==== DATA FOR THIS TASK ====

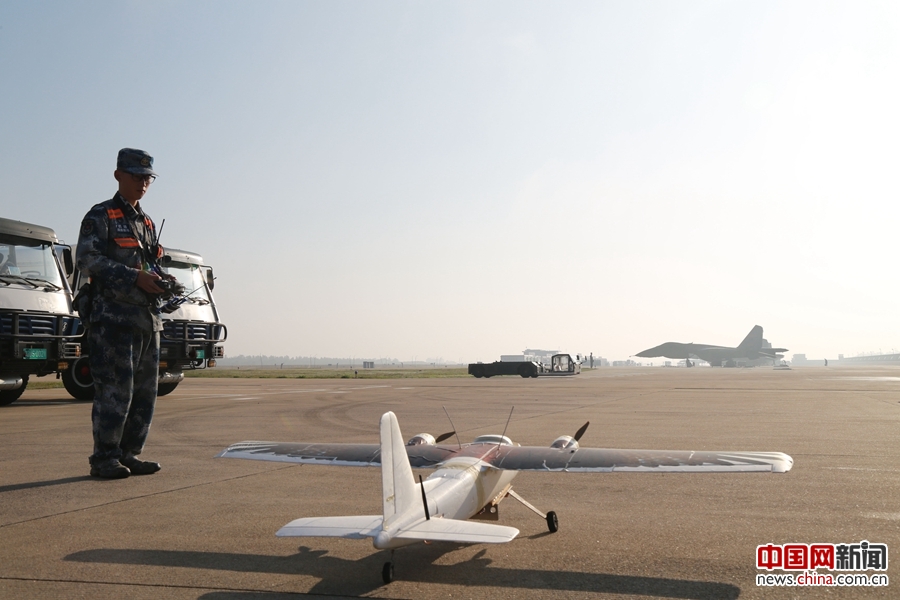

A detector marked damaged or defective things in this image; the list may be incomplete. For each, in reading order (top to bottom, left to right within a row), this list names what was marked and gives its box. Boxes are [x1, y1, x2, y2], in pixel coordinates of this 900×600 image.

pavement crack line [0, 464, 298, 528]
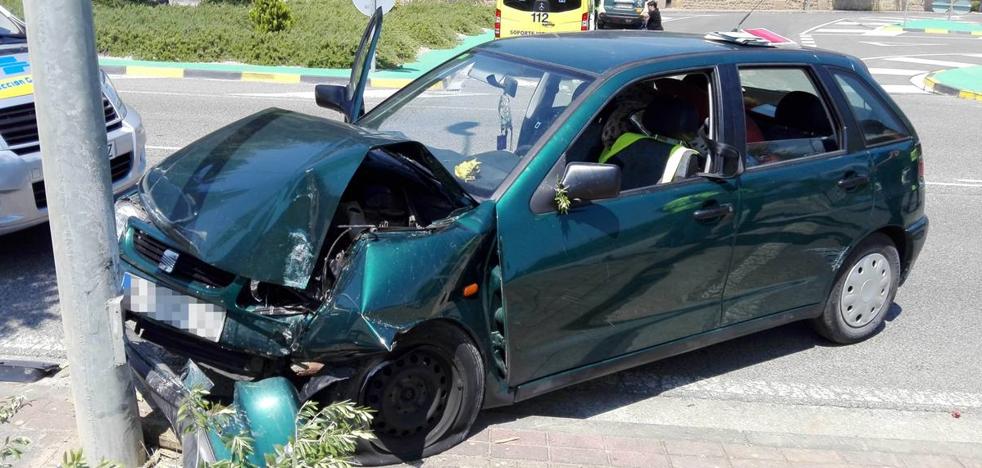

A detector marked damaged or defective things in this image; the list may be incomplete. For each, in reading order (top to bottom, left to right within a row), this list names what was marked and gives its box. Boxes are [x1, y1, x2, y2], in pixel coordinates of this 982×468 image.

cracked headlight [100, 70, 128, 120]
cracked headlight [114, 198, 147, 239]
crumpled car hood [140, 109, 418, 288]
damaged front end [121, 108, 500, 462]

====

TASK INSTRUCTIONS » Copy each entry exactly as written. Images should not appear in the copy.

FINISHED EXERCISE »
A detector marked damaged or defective things in this image; the list may be incomplete. For each, in reading order (top to bottom, left to right within a row), this list names what was marked and gives its box. Boxes are [x1, y1, x2, y2], in pixel coordinates of this 900×600 image.

pavement crack line [0, 464, 298, 528]

A detector marked damaged or defective things in this image; the list may be incomplete. For each, in reading order (top to bottom, left to right within a row), this list names what was marked and gives its box. Boxes are [x1, y1, x2, y2], in pixel coordinates of this 982×468 image.

cracked headlight [100, 70, 128, 120]
cracked headlight [114, 198, 147, 239]
crumpled car hood [140, 109, 418, 288]
damaged front end [121, 108, 500, 462]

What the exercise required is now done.